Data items
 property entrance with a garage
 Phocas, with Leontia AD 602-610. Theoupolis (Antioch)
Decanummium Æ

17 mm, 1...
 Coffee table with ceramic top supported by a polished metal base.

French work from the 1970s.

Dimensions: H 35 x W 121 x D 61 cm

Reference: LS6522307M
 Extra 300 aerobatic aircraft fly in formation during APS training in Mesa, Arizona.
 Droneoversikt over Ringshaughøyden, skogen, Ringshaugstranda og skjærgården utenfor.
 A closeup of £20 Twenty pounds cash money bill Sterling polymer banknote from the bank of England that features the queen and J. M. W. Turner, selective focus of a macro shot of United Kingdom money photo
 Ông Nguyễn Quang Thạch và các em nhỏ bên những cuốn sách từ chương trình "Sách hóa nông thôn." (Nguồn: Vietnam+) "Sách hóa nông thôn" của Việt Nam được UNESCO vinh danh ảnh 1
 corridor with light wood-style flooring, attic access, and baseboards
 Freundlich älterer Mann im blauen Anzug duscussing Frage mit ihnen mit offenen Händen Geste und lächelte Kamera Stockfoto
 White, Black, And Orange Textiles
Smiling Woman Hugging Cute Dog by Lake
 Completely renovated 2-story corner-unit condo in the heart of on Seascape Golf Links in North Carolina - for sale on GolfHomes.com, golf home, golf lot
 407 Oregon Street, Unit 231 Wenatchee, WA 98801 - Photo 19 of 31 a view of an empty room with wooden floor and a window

> YOUR GOAL
Give all of the lines above again, exactly as they are.

> PROBLEM SOLUTION
 property entrance with a garage
 Phocas, with Leontia AD 602-610. Theoupolis (Antioch)
Decanummium Æ

17 mm, 1...
 Coffee table with ceramic top supported by a polished metal base.

French work from the 1970s.

Dimensions: H 35 x W 121 x D 61 cm

Reference: LS6522307M
 Extra 300 aerobatic aircraft fly in formation during APS training in Mesa, Arizona.
 Droneoversikt over Ringshaughøyden, skogen, Ringshaugstranda og skjærgården utenfor.
 A closeup of £20 Twenty pounds cash money bill Sterling polymer banknote from the bank of England that features the queen and J. M. W. Turner, selective focus of a macro shot of United Kingdom money photo
 Ông Nguyễn Quang Thạch và các em nhỏ bên những cuốn sách từ chương trình "Sách hóa nông thôn." (Nguồn: Vietnam+) "Sách hóa nông thôn" của Việt Nam được UNESCO vinh danh ảnh 1
 corridor with light wood-style flooring, attic access, and baseboards
 Freundlich älterer Mann im blauen Anzug duscussing Frage mit ihnen mit offenen Händen Geste und lächelte Kamera Stockfoto
 White, Black, And Orange Textiles
Smiling Woman Hugging Cute Dog by Lake
 Completely renovated 2-story corner-unit condo in the heart of on Seascape Golf Links in North Carolina - for sale on GolfHomes.com, golf home, golf lot
 407 Oregon Street, Unit 231 Wenatchee, WA 98801 - Photo 19 of 31 a view of an empty room with wooden floor and a window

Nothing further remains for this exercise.